Companies everywhere are aiming to decrease their carbon footprint, but how exactly can they make the most impact? More importantly, which stakeholders are responsible for making their practices more sustainable? New research around carbon insetting suggests that achieving a “net zero” carbon footprint will require a unified front from all entities in a supply chain. And, transportation and logistics companies may carry much of the carbon insetting responsibility.
What is carbon insetting?
In the modern business world, you’ve likely heard of carbon offsetting. This concept refers to the corrective actions companies take for the carbon emissions they produce. It’s an extrinsic way for a company to reduce its carbon footprint. Carbon offsetting projects can include reforestation, biodiversity, education, jobs, food security, and health and well-being – almost any initiative to remove carbon dioxide (CO2) from the atmosphere and promote a healthier planet.
Conversely, carbon insetting is an intrinsic way for a company to reduce carbon emissions in its supply chain.

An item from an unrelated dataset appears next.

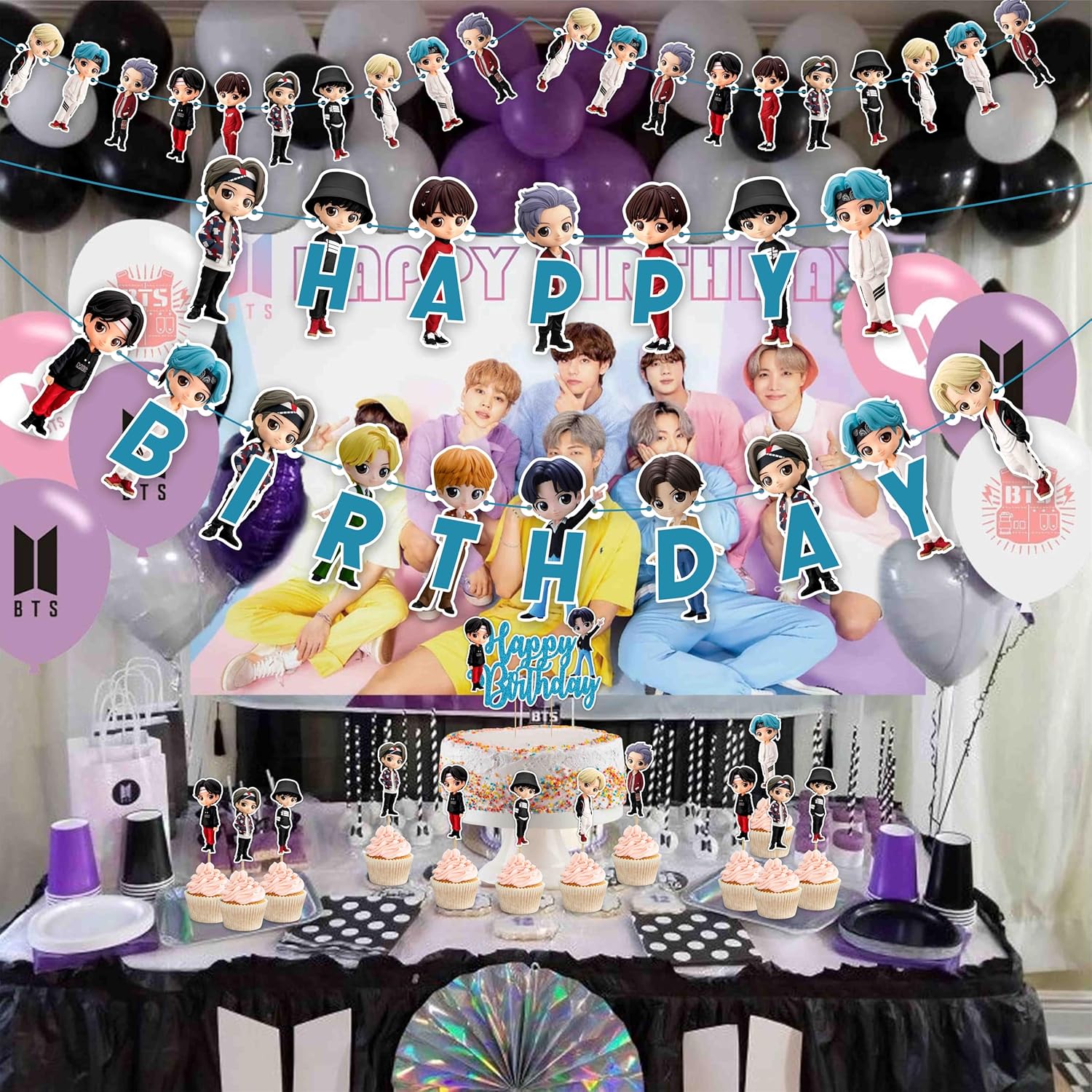 Seyal Tiny Tan BTS Theme Birthday Decorations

Carbon insetting attempts to tackle carbon reduction head-on, looking at processes within the supply chain that can be reformed to decrease the company’s overall carbon footprint.
Instead of trying to offset an action that has already occurred or will occur, insetting initiatives aim to mitigate emissions from the source. While carbon insets are not necessarily designed to replace carbon offsets, they have the potential to significantly reduce a company’s net emissions.

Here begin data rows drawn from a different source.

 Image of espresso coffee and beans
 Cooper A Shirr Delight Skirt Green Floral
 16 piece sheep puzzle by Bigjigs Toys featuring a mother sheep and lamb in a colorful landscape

Some recent examples of carbon insetting stem from trailblazers in the food and beverage sector. Since many of their raw materials are sourced from farming, these companies have taken it upon themselves to source ingredients sustainably. Ben & Jerry’s, a popular ice cream brand, started investing in the Rwenzori project in Uganda in 2016 to sustainably source vanilla. The program has helped vanilla farmers build new agriculture and forestry systems. These systems ultimately helped improve and diversify production, reducing emissions in the supply chain. Since this directly impacts Ben & Jerry’s operations, it can be a carbon inset, even while it also involves planting trees. Other sectors are starting to discover how insetting can be useful in their practices, too.
Dow’s role in carbon insetting
More industries are starting to kickstart carbon insetting programs, including Dow, a major industry leader in materials science and packaging.
Recently, Dow presented a webinar addressing: “How do we get to carbon neutral packaging?” In it, Dow introduced several factors that impact the footprint of packaging and showed the impact of carbon insets within the packaging supply chain.
Their research on carbon insetting is less focused on the impact of the insets themselves, but instead on driving business value. The figure below showcases the breakdown of spending within the “voluntary carbon market.” (A growing number of sectors and regions have regulations for limiting greenhouse gas [GHG] emissions. The voluntary carbon market allows organizations to offset unavoidable emissions by purchasing carbon credits emitted by projects targeted at removing or reducing GHG from the atmosphere.)
Dow specifically highlights the percentage of the budget that is dedicated to transportation insets. This sector only accounted for 0.3% of the estimated $276M market in 2019. Today, the voluntary carbon market is on track to hit $1 billion in transactions according to a report from Ecosystem Marketplace. Transportation insets have immense potential for greater impact if given due diligence.
The benefits of transportation insetting are even more obvious when looking at overall cost. While forestry carbon offsetting costs $14-15 per ton, transportation insets are estimated to cost only $1 per ton. Forestry offsets dominate the market, but Dow’s findings suggest it is time for companies to shift their focus to how they can make the most impact with each respective dollar.
How will carbon insetting impact transportation & logistics?
Although companies are beginning to discover the impact behind transportation insets within their supply chains, this concept has yet to take off on a larger scale. More buy-in is needed to drive this transformation.
Promising transportation and logistics insetting solutions include:
- Sustainable fuels (United Airlines just made history with sustainable aviation fuel)
- Equipment decommissioning (Freight carbon insets could provide funding to get the most polluting equipment off roads and out of ports)
- Engine retrofits (To use diesel-particulate filters, which reduce black carbon, or replace fossil fuel engines with ones that burn low-carbon fuel)
- Logistics efficiency (To support optimized logistics, driver training programs, and route planning)
All the initiatives above can provide meaningful GHG reduction, as well as benefits for public health and safety. Freight carbon insets could potentially mirror existing Renewable Energy Credits as well as projects for aviation, shipping, and road freight. Yet, freight carbon insets do not have enough support (or funding) currently to make a significant impact on net emissions.
Many sustainability and ESG professionals are fighting for a stronger balance between carbon offsetting and insetting … particularly in how they are funded. If a mere portion of the funds dedicated to forestry offsetting were directed toward the development of sustainable transport, companies could move closer to “net zero” emissions. Reforming transportation and logistics processes allows the supply chain to be as environmentally friendly as possible, while efficiently decreasing a company’s overall carbon footprint.